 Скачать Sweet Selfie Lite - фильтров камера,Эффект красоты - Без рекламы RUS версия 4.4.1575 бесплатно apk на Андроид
==
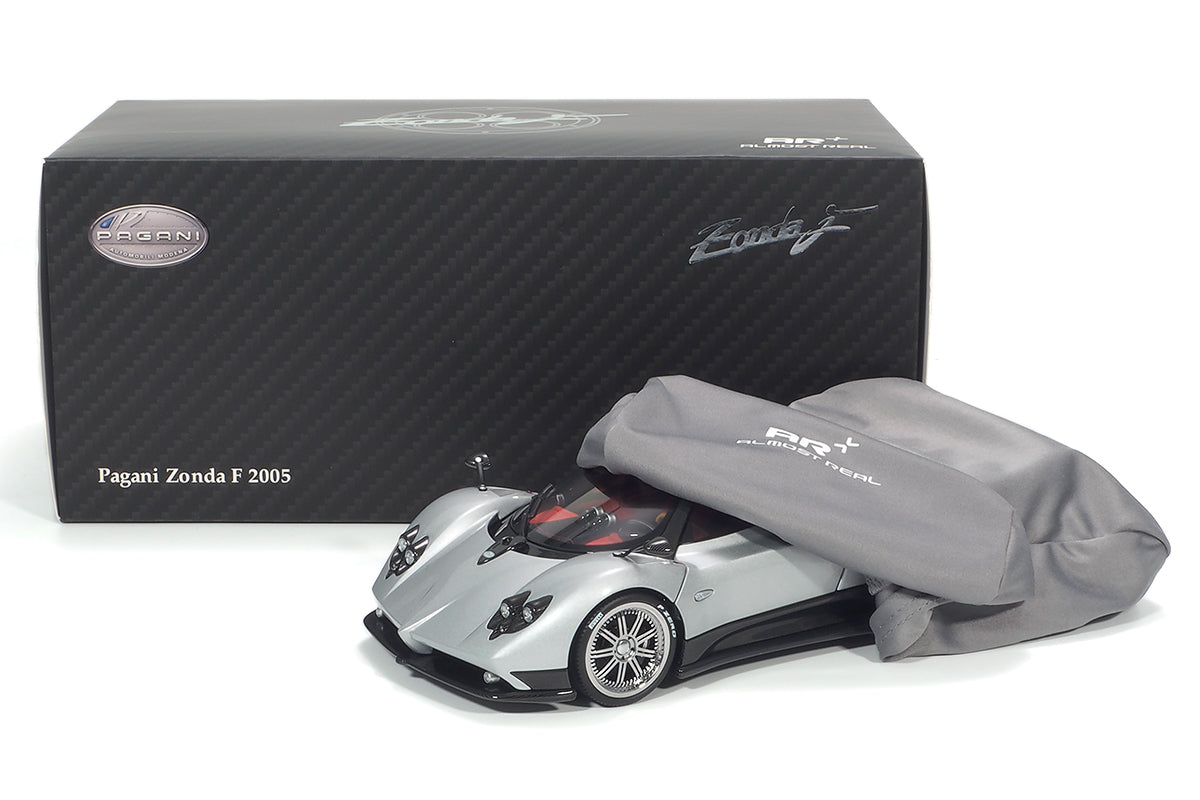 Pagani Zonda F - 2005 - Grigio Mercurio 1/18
...
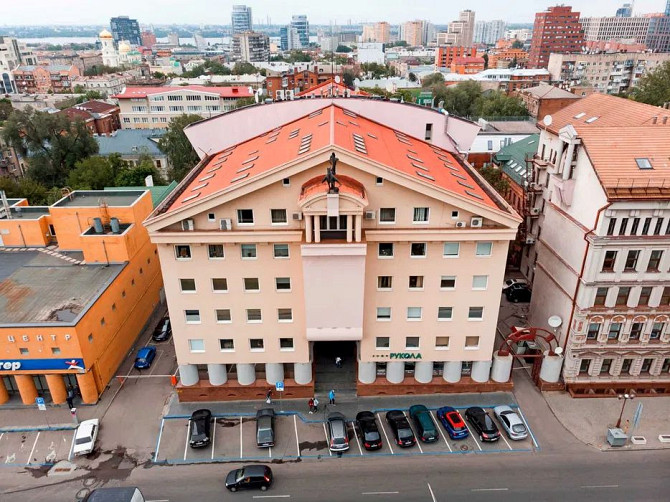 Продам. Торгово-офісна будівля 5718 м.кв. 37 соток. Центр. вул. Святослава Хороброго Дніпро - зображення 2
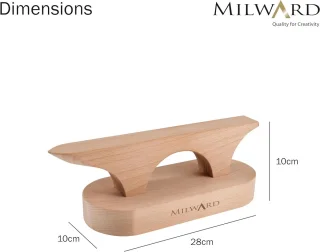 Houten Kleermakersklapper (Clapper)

[WHAT NEEDS TO BE DONE]: In the listing above, find the line containing "Продам. Торгово-офісна будівля" and the line containing "Houten Kleermakersklapper (Clapper)"; print those lines and every line between them exactly, leaving out pictures.

[RESPONSE BELOW]:
 Продам. Торгово-офісна будівля 5718 м.кв. 37 соток. Центр. вул. Святослава Хороброго Дніпро - зображення 2
 Houten Kleermakersklapper (Clapper)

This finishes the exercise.